> _Exercise description_
Output the line containing "A congregant worships" exactly. Do the same for every line after it through the end of the material, and output nothing else.

> _Information provided_
------------------------
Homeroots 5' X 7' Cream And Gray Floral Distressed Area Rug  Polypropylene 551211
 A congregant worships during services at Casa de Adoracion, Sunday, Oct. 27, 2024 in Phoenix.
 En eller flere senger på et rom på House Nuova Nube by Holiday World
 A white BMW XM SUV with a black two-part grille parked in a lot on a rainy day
------------------------
> _Answer to this exercise_
 A congregant worships during services at Casa de Adoracion, Sunday, Oct. 27, 2024 in Phoenix.
 En eller flere senger på et rom på House Nuova Nube by Holiday World
 A white BMW XM SUV with a black two-part grille parked in a lot on a rainy day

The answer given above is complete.